*** Opening STORED DATA ***

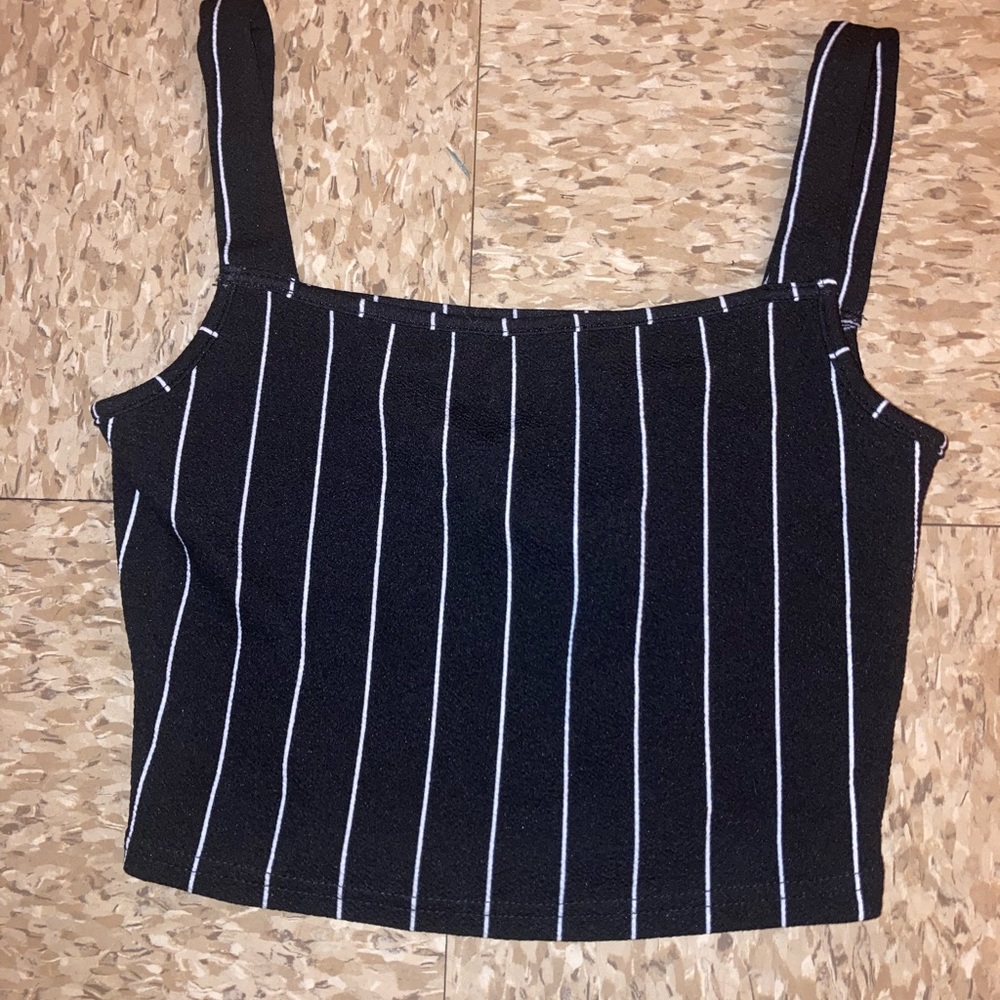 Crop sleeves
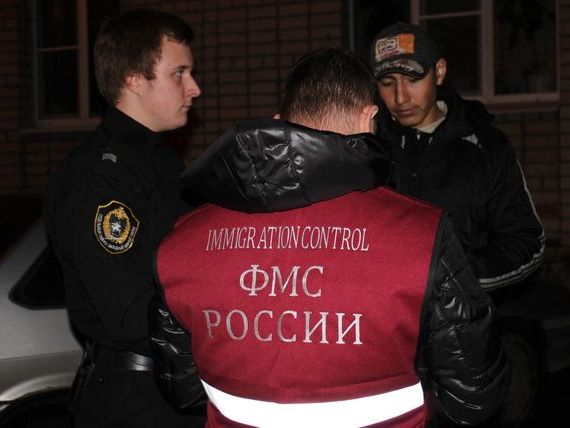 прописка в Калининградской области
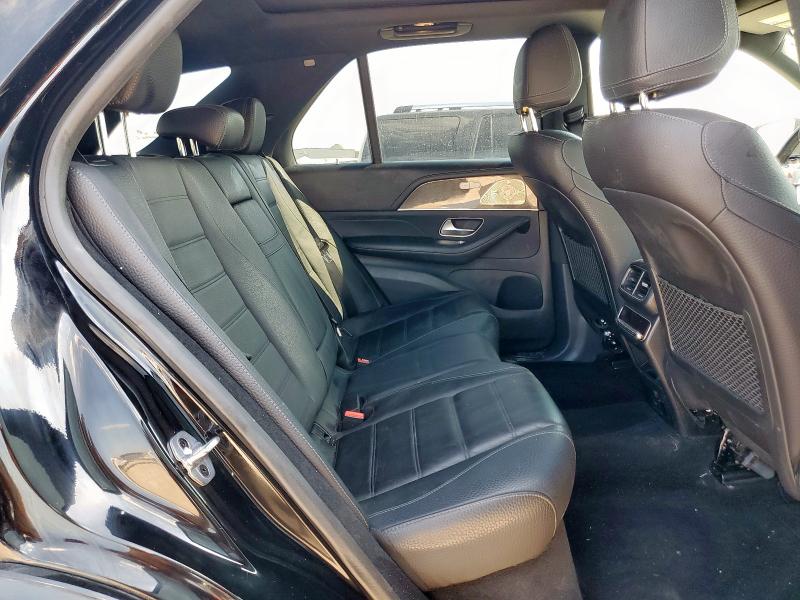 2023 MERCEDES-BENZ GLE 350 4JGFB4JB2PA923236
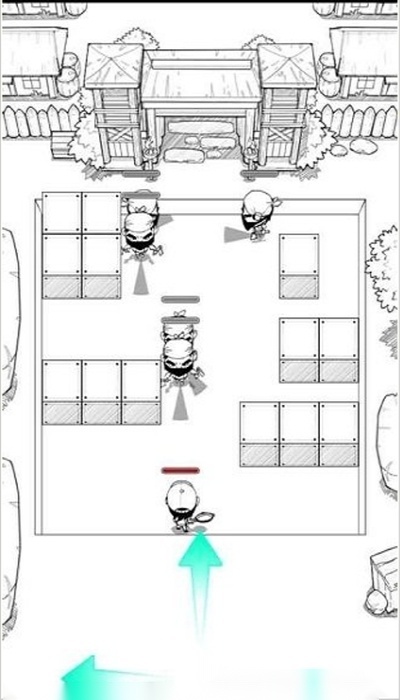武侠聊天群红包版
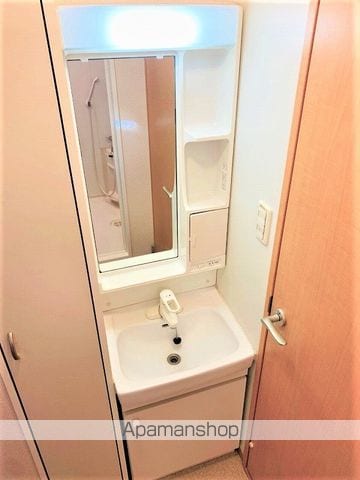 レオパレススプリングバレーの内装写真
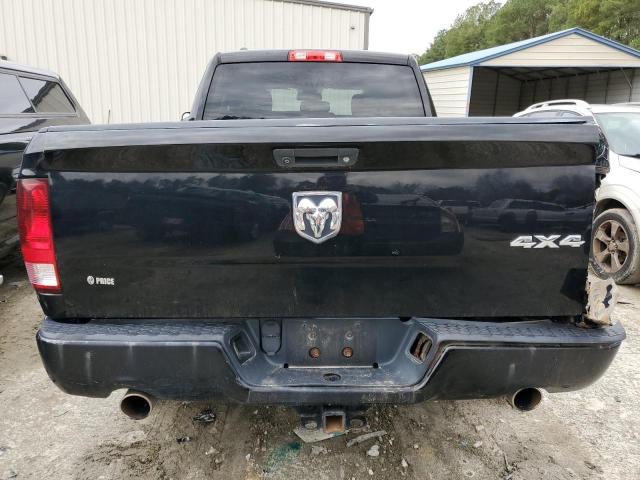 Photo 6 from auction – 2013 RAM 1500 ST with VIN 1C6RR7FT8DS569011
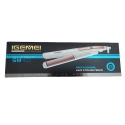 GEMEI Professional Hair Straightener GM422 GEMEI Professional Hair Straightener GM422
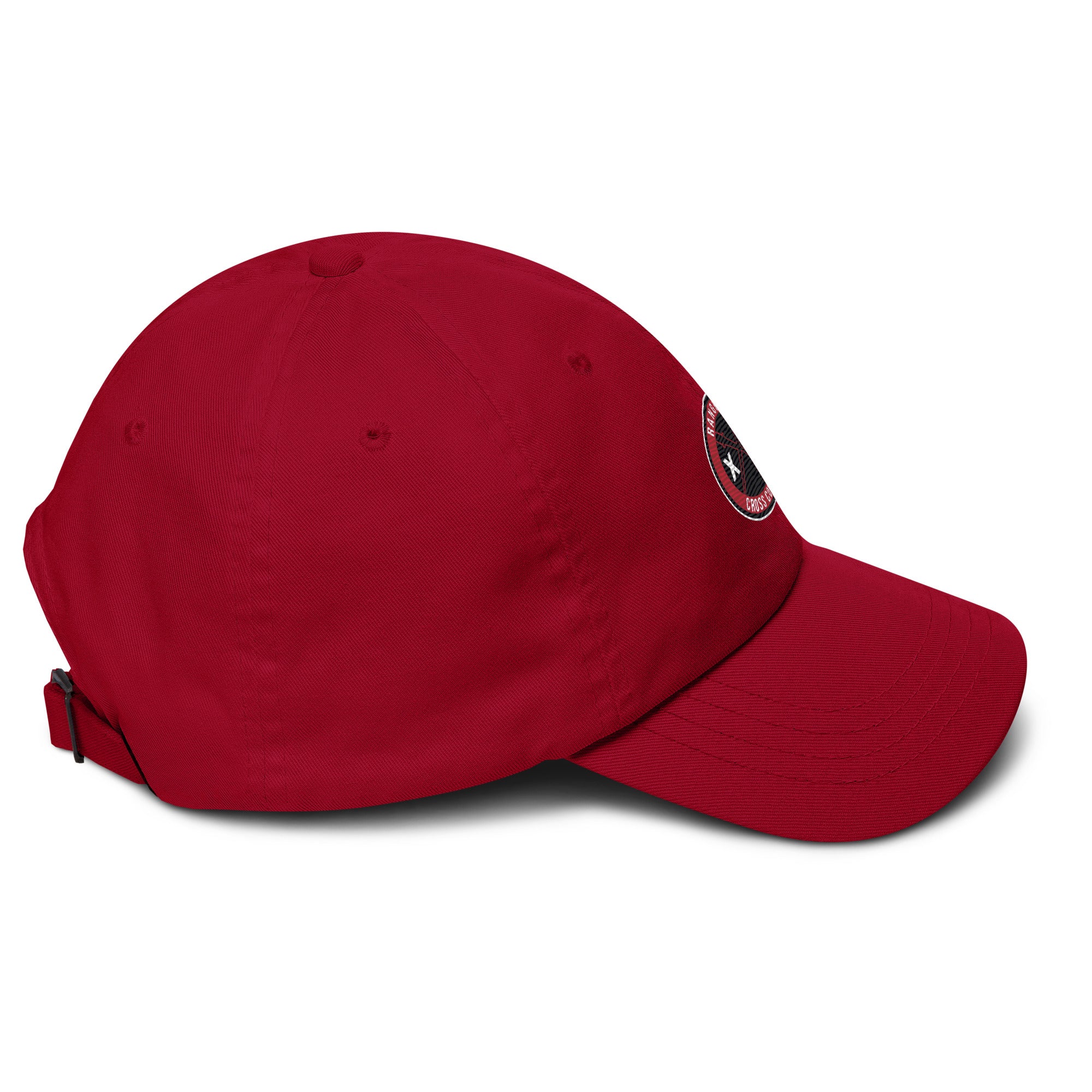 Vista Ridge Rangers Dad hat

*** Closing STORED DATA ***
*** Opening STORED DATA ***

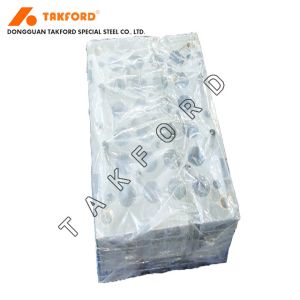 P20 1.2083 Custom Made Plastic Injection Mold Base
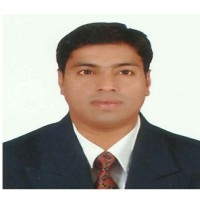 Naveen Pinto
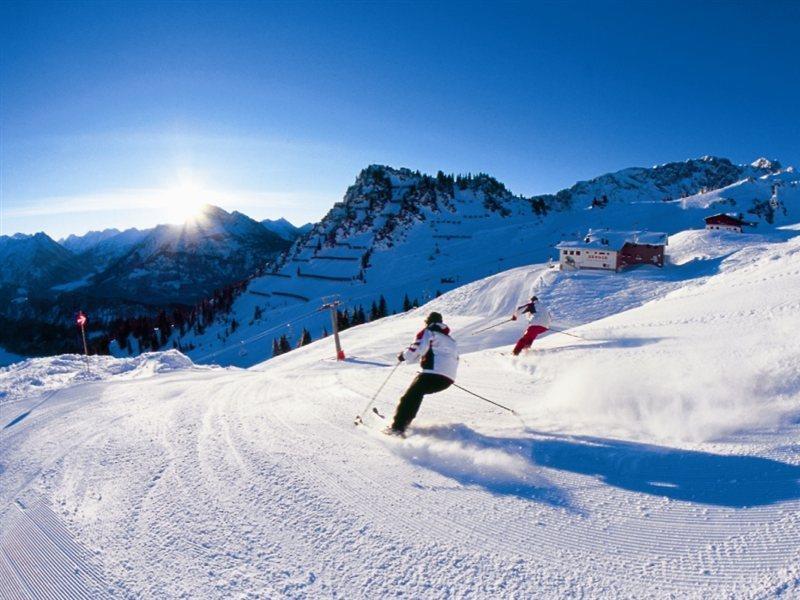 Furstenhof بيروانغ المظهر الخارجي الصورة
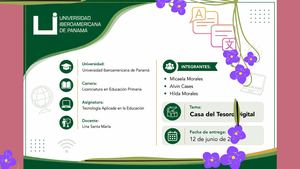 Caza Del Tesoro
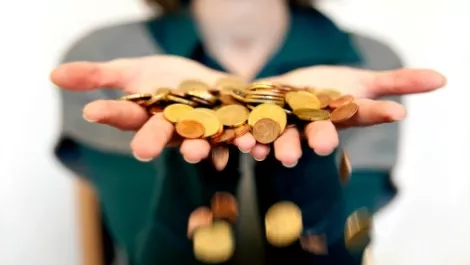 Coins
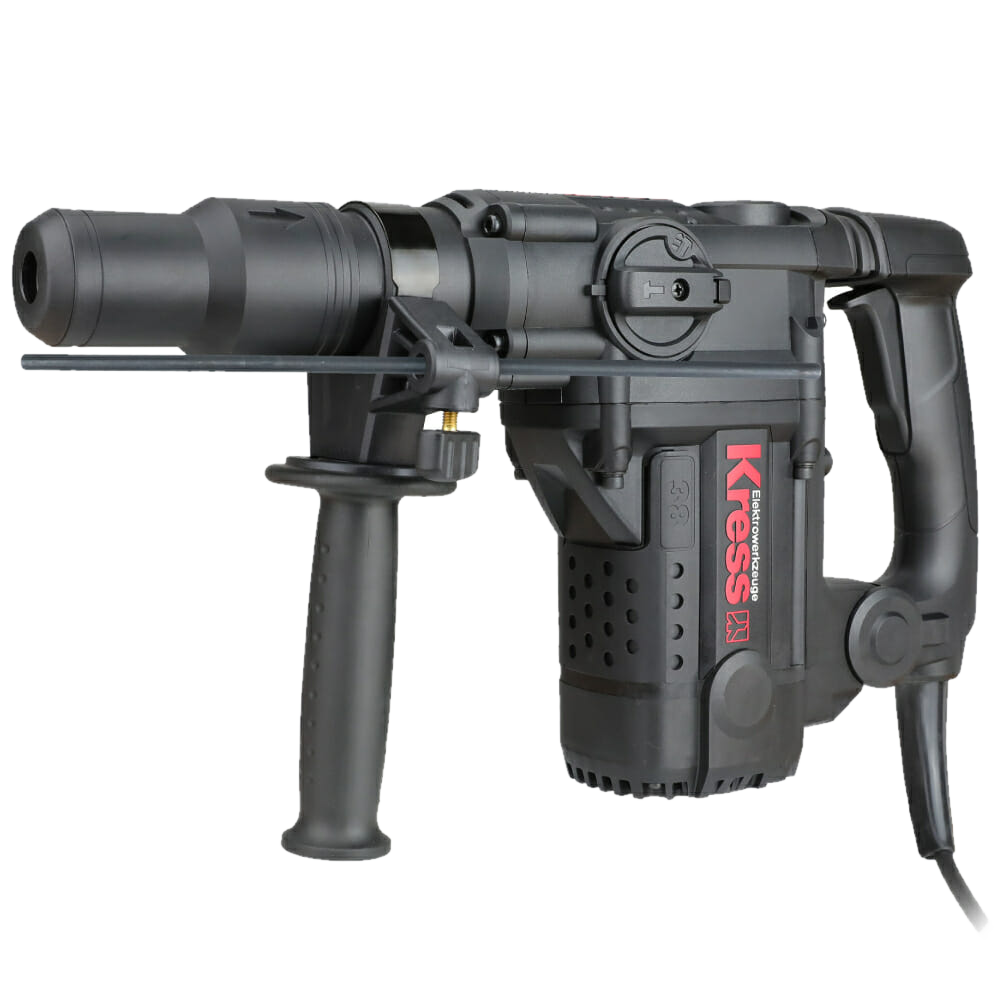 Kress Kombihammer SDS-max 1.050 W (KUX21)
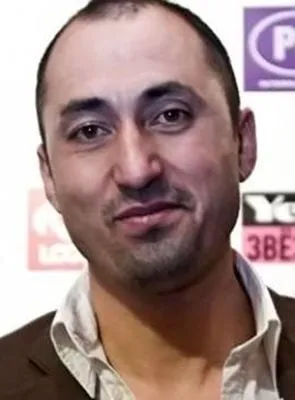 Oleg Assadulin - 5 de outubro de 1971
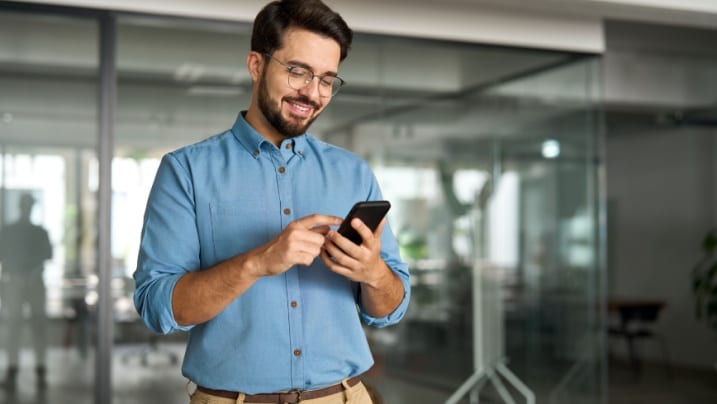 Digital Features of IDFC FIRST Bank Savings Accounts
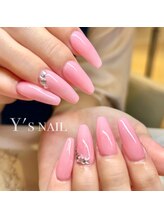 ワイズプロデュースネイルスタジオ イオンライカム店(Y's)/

*** Closing STORED DATA ***

Take the lines above starting at the one containing "Crop sleeves" and ending at the one containing "Vista Ridge Rangers Dad hat", and print them again exactly, without pictures.

 Crop sleeves
 прописка в Калининградской области
 2023 MERCEDES-BENZ GLE 350 4JGFB4JB2PA923236
武侠聊天群红包版
 レオパレススプリングバレーの内装写真
 Photo 6 from auction – 2013 RAM 1500 ST with VIN 1C6RR7FT8DS569011
 GEMEI Professional Hair Straightener GM422 GEMEI Professional Hair Straightener GM422
 Vista Ridge Rangers Dad hat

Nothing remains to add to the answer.